_THE TASK:_ Nothing in the data should change when you return it, but leave the pictures out.

_PROVIDED DATA:_
------------

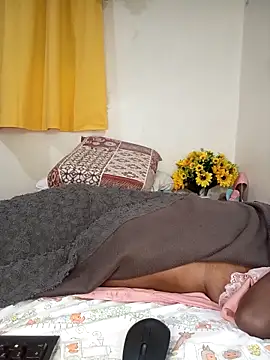 Snapshot of Ranny18l chatting on 03.22.25 Ranny18l online show from 03.22.25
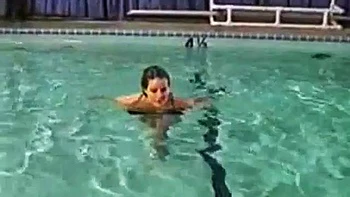 Amateurin masturbiert solo unter Wasser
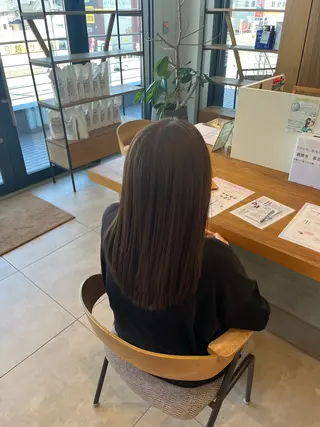 ロング カラー 坂口 友莉香のヘアスタイル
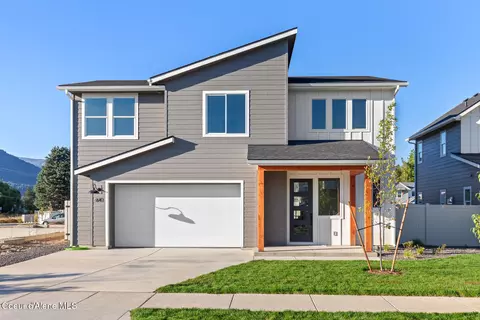 641 Moscow St, Sandpoint, ID 83864 photo 1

------------

_ANSWER TO THIS EXERCISE:_
 Snapshot of Ranny18l chatting on 03.22.25 Ranny18l online show from 03.22.25
 Amateurin masturbiert solo unter Wasser
 ロング カラー 坂口 友莉香のヘアスタイル
 641 Moscow St, Sandpoint, ID 83864 photo 1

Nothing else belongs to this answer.